An Overview of Operational Characteristics of Selected Irrigation Districts in the Texas Lower Rio Grande Valley: Delta Lake Irrigation District
Clint D. Wolfe, Megan J. Stubbs, Ellen L. Pennington, M. Edward Rister, Allen W. Sturdivant, Ronald D. Lacewell, Callie S. Rogers
Population expansion and water shortfalls have placed the Texas Lower Rio Grande Valley (Valley) center stage in water publicity. The unique characteristics and lack of public knowledge on how irrigation districts divert and convey water from the Rio Grande to municipal, industrial, and agriculture consumers have precipitated questions regarding the operations and makeup of these districts. Differences between and similarities across irrigation districts can be partially attributed to the topography, water-delivery infrastructure system, past financial decisions, and population demographics and clientele base of each irrigation district. Delta Lake Irrigation District (DLID) is one of the 29 irrigation districts in the Valley. This study presents an overview of DLID that includes a brief historical background, a description of the District, and discussion of the District’s current operations. Specific information in the report details how the District diverts and delivers its allocated water from the Rio Grande, how it is used (i.e., municipal, industry, and agriculture), and mechanisms for allocation within and outside the District.
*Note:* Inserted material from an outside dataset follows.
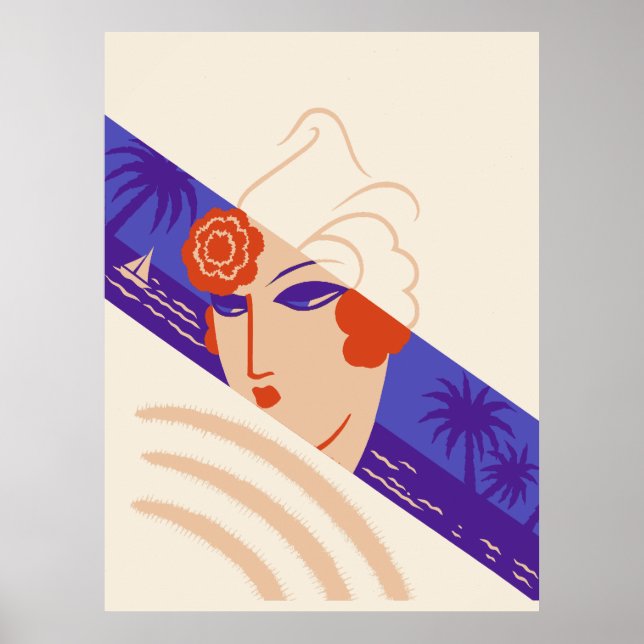 Affiche Erté - Stations d'hiver (Devant)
The uniqueness of the Lower Rio Grande Valley irrigation districts requires an understanding of their origins and operating mannerisms to explain their overall institutional effects. Through unlocking some of the conundrum associated with these individual irrigation districts, policymakers and other interested stakeholders will have a better perception of the culture and evolution that surround these unique districts, thereby facilitating improved policy-making decisions affecting the region’s water supply and usage.